Step 6: Plan for Expansion
You may not think that you will ever fill a 3” binder with your health information but you will be surprised at how quickly the space goes. Certain conditions generate a huge amount of paperwork and doctor visits. If you find you have a tab that is filling up particularly quickly, break it out into its own separate binder. For example, pregnancy generates a ton of paperwork and for my own records I have had to break out OB/GYN into its own separate binder and even have a Volume 1 and Volume 2!
Extra Credit: One-page emergency summary
In line with the summary sheets above, you might consider making a one-page summary of critical information you might need in an emergency. The idea of this page is that you could quickly hand it to an ER doctor who would then have all of the essential information on the patient to begin treatment. Keep a copy of this sheet as the first page in your personal health binder as well as in your car and in any information you give to child care providers for your children. Information to include on this summary sheet would be:
Personal Contact Information
- Date of Birth
- Phone Number
- Emergency Contact Persons
- Name and Contact Information for the Person(s) Authorized to Make Health Decisions for You in the Event You are Incapacitated
- Blood Type
- Diagnosed Health Conditions (ex.

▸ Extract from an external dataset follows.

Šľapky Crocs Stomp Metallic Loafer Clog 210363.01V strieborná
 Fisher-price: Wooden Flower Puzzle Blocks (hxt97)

Diabetes, Epilepsy, Cancer)
- Health Quirks (Everyone is a little unique in terms of their medical test results profile. If you always test on the high or low end of normal for something, list it here)
- Known Allergies (ex. latex, peanuts, medications)
- Current Medications (list name, dosage and how often taken)
Physician Contact Information
- Name and Contact Information for Each Physician or Other Medical Care Provider You See on a Regular Basis. For children playing sports, contact information for your dentist is often recommended.
Pharmacy Contact Information
- Name and Contact Information for your pharmacies of choice, including a local pharmacy and your insurance company’s mail-order pharmacy if required.
- Name and Contact Information for Your Medical Insurance Company
Do you maintain your own health records? What information do you track that I have overlooked? Do you have other health records organization questions I have not addressed? Please share in the comments.